I deal with people that have questions about topics related to Genetics. This can
be anything from people just wanting to know a bit more about a disease that
runs in their family, to couples who want to have children and need to make
some decisions about genetic testing.
I would never tell people what to do. My role is to give them information and
guide them, so that they can make their own choices. And I wouldn’t say that
genetic testing is an answer for everyone. But some people need some
reassurance either way. I can understand both points of view. For some people
knowing the future is the worst thing that could happen to them, especially if that
future holds a disease. For others, the uncertainty is the most difficult. They
can’t live their life to the full, because they spend all their time worrying.
Couples who consider pre-implantation genetic diagnosis (PGD) also have a
difficult choice to make.
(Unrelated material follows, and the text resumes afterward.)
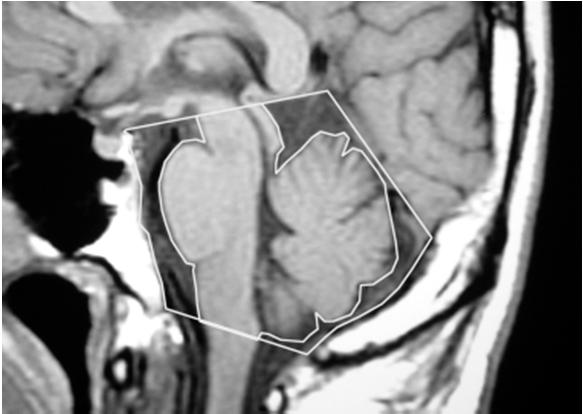 4.1 CEFALEA DA TOSSE PRIMARIA Criteri diagnostici (ICHD-3, 2018) A. Almeno 2 episodi di cefalea che soddisfano i criteri B-D B.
Parents often don’t know exactly what they’re letting
themselves in for when they come to me. They just know that they don’t want
their baby to have a terrible genetic disease that runs in their family. But it’s a
very demanding procedure and both parents need to be 100% certain that they
want to go through with it, because IVF isn’t always successful. It can be very
heartbreaking to talk to couples who so desperately want a healthy baby, but
have all the odds against them.
I’m glad that genetic research has given people choices. Once again, I don’t
think genetic testing it’s right for everyone, but I think everyone should get a
chance to make that decision themselves, with the help of a genetic counsellor
like myself.”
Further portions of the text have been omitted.